The fermentation process that turns must into wine is traditionally monitored manually by enologists,
with little aid from automation tools so far. This supervision requires the enologist to follow a daily routine
consisting of must sampling and subsequent analysis at least twice a day during the whole fermentation span
and for every single fermentation tank, which is awkward and time-consuming, especially in regions like La
Mancha (Spain), where production takes place at a massive scale.
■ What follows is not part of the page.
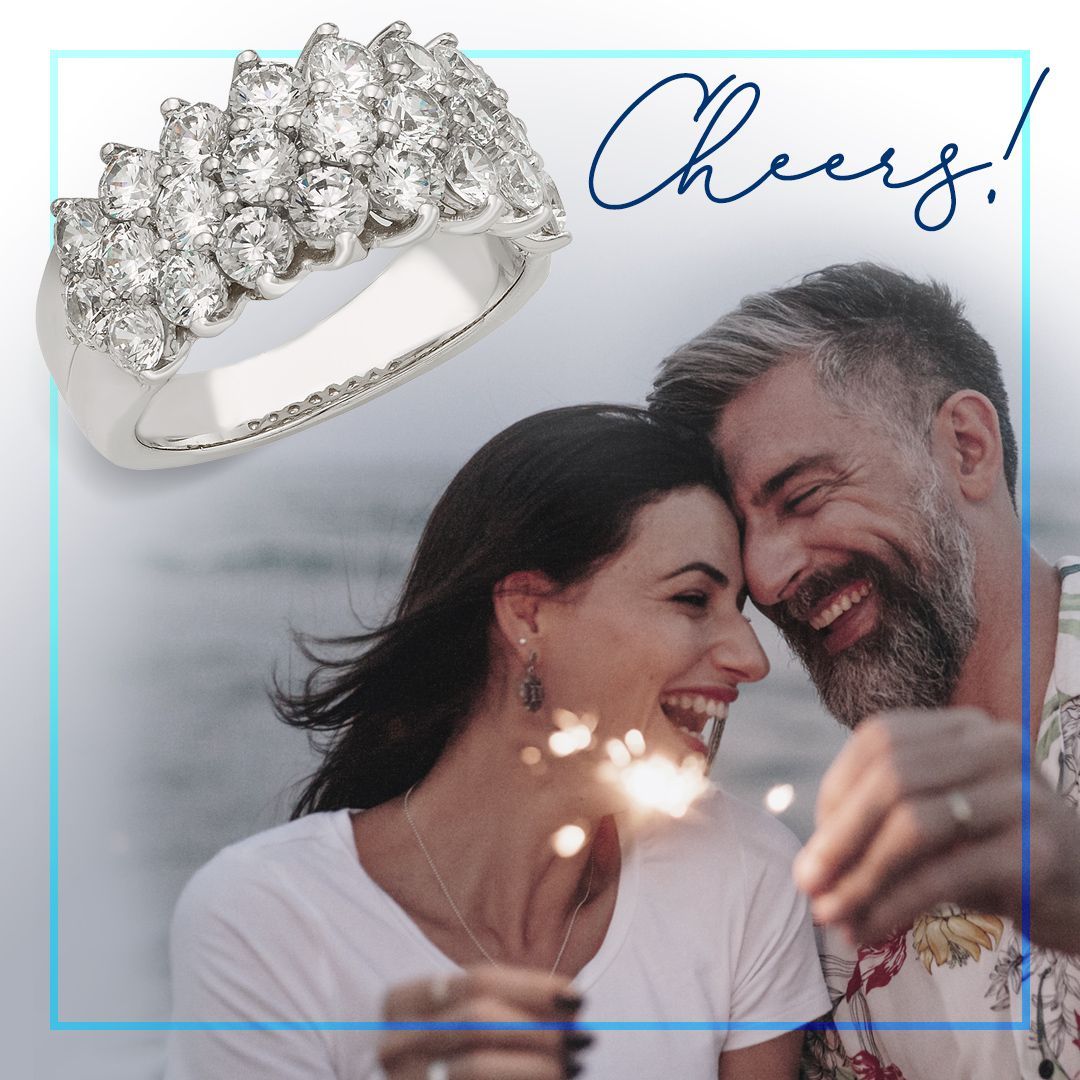 Diamond ring with joyful couple holding sparklers.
In order to contribute to the automation of both the fermentation and the maceration supervision, an
optoelectronic system has been developed. It was devised to record both the refractive index n and the
chromatic characteristics of the fermenting must. The former, closely related to the fermentation kinetics, is
obtained through measurements of a laser beam displacement; whereas the latter, which is essential for the
maceration, relies on absorbance measurements in the visible spectrum. Additionally, the system measures the
temperature, necessary to reference the data to 20°C. It comprises a frame that holds a laser diode, a PSD
(position sensitive detector), three LEDs, six photodiodes and a temperature sensor, plus some conditioning
electronics and a data acquisition board.
Several fermentations have been monitored off-line with the reported system, reaching a resolution of
0.00046 RIU (refractive index unit). Data show a slight increase in n during the last stage of the fermentation,
which does not have a match in the density measurements and could therefore be used as an alert to
automatically detect the fermentation end.